C’est l’une des plus vieilles histoires d’exorcisme connues en France, et peut-être la plus controversée. En 1565, Nicole Aubrey, une jeune fille de 15 ou 16 ans, qui habite à Vervins avec son époux, commence à souffrir d’une mystérieuse affliction.

Elle refuse de s’alimenter, et se retrouve en proie à de terribles convulsions. Au cours de ces épisodes, elle se démène si violement qu’il faut parfois une dizaine d’hommes pour la contenir. Plus inquiétant encore, elle semble entrer dans une forme de « transe » : elle se met alors à parler d’une voix rauque, et à déballer des insanités.

Dans un premier temps, l’adolescente pense être possédée par le fantôme de son grand-père décédé. Ses parents font venir un prêtre dominicain, Pierre de la Motte à Vervins. Ce dernier est catégorique : Nicole est possédée par plusieurs esprits maléfiques (29 au total), dirigés par un puissant démon, Belzebuth. Le père La Motte tente alors par tous les moyens de le faire quitter le corps de la jeune fille. En vain. Selon lui, Belzebuth refuse de partir, à moins… d’être exorcisé par l’Evêque lui-même. Entre temps, le prêtre parvient tout de même à se débarrasser de quelques esprits, qui, selon lui, « fuient rapidement vers Genève (ndlr : le centre névralgique du mouvement calviniste) »
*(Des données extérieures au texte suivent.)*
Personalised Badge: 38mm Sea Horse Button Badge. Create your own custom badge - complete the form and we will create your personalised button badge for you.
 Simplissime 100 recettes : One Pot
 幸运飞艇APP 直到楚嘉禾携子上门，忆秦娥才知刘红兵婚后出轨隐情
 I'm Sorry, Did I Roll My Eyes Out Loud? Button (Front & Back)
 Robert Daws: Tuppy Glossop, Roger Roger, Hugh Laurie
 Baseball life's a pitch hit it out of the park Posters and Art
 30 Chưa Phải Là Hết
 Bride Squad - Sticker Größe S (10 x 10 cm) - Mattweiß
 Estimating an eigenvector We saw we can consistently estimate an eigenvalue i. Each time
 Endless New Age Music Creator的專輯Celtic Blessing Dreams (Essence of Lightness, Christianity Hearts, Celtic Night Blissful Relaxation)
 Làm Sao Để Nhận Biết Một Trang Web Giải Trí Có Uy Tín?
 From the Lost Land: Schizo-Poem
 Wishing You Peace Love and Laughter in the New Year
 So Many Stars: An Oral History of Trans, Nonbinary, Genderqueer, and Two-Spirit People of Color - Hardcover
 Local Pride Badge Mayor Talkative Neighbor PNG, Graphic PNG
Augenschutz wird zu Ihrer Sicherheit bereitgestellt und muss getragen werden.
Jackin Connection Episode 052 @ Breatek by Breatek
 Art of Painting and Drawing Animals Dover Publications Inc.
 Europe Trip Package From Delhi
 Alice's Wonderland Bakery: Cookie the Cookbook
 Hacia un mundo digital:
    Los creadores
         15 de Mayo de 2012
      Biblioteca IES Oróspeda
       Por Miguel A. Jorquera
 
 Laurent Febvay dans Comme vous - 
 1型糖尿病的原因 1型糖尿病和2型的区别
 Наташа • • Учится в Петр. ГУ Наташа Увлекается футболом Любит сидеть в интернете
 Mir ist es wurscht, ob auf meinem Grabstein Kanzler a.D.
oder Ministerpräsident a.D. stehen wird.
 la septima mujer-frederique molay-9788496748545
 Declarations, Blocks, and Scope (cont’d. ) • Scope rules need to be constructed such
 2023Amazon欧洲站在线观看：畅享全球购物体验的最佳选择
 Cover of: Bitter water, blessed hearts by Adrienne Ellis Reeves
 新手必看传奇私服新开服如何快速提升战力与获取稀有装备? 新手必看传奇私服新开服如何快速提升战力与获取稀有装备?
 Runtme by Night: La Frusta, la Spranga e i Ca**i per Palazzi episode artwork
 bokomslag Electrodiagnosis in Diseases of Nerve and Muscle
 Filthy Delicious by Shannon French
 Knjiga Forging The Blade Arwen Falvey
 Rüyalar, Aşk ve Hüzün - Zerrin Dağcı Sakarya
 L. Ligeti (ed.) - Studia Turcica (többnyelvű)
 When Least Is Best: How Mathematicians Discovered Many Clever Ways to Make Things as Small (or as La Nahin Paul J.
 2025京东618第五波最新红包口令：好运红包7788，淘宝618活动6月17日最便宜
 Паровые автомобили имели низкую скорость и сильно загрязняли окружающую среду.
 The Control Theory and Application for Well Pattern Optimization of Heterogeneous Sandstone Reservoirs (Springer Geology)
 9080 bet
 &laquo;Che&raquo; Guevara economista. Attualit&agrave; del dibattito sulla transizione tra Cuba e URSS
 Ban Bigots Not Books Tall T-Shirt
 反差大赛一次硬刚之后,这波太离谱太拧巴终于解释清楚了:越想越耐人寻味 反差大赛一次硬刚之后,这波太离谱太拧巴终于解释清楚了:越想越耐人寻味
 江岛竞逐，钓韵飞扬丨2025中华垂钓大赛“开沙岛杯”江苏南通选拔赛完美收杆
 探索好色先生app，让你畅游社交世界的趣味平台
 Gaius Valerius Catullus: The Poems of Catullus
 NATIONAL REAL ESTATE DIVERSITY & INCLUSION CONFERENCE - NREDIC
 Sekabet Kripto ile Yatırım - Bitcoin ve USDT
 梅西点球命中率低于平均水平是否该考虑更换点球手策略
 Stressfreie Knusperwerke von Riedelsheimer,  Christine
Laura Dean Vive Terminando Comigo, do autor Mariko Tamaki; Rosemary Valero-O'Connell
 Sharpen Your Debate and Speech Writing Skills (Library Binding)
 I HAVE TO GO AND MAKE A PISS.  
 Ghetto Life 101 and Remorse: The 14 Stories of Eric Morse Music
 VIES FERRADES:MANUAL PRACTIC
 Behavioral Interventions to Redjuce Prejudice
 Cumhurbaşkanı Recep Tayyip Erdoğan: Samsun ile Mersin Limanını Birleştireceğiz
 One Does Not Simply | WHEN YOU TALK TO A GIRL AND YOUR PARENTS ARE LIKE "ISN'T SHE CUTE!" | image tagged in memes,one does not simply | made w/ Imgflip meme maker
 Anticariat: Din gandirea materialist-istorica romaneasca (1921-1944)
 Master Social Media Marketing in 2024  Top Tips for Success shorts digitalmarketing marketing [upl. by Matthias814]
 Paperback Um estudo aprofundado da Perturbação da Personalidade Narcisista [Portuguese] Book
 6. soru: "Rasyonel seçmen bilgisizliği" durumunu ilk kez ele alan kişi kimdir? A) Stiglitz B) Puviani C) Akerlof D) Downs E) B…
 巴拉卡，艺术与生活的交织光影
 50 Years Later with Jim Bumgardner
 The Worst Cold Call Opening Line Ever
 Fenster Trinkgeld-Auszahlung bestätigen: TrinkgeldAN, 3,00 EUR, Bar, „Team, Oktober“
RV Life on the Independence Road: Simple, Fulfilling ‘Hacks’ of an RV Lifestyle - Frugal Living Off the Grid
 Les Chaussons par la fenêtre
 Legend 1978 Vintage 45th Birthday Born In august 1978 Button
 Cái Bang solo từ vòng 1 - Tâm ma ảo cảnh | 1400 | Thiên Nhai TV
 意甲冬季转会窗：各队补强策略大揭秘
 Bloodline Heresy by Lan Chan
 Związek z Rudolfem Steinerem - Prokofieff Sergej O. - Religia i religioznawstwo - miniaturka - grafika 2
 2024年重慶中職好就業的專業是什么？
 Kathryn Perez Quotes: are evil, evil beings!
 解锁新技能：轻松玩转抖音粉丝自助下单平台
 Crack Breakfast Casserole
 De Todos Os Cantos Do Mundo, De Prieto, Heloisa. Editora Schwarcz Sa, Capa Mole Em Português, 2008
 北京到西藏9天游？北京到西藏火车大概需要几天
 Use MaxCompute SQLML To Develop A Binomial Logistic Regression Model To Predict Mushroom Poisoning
« Je ferai plus de mal au Christ que les Juifs »

Le 3 janvier 1566, l’Evêque de Laon arrive à la hâte à Vervins. Il tente à son tour d’exorciser le démon. Mais lui aussi se heurte à la résistance du démon. L’homme de Dieu décide donc d’organiser une procession jusqu’à la cathédrale Laon, où l’exorcisme pourra reprendre.

Sur place, pendant plusieurs jours, la jeune Nicole sera transférée depuis un couvent, où elle est hébergée, jusqu’à un échafaud, installé sur le parvis de l’édifice religieux, où son « démon » sera exorcisé, en public, délivrant par la même occasion de glaçants sermons au peuple.

Son discours porte principalement sur la menace huguenote, des « infidèles » qui « volent et brûlent » les hosties, et il affirme même « contrôler » les protestants.

« Moi, avec mes huguenots obstinés, je ferai plus de mal au Christ que les Juifs », scande, par exemple, le fameux Belzebuth.

Après plusieurs semaines de séances d’exorcisme effrénées, le « miracle de Laon » se produit  au début du mois de février: l’évêque brandit la Sainte Eucharisties et chasse définitivement les démons du corps de Nicole.

Des siècles plus tard, l’histoire de Nicole ressemble plus à une propagande de l’église, au lendemain de l’édit d’Amboise, alors que les tensions entre catholiques et huguenots étaient encore très vives.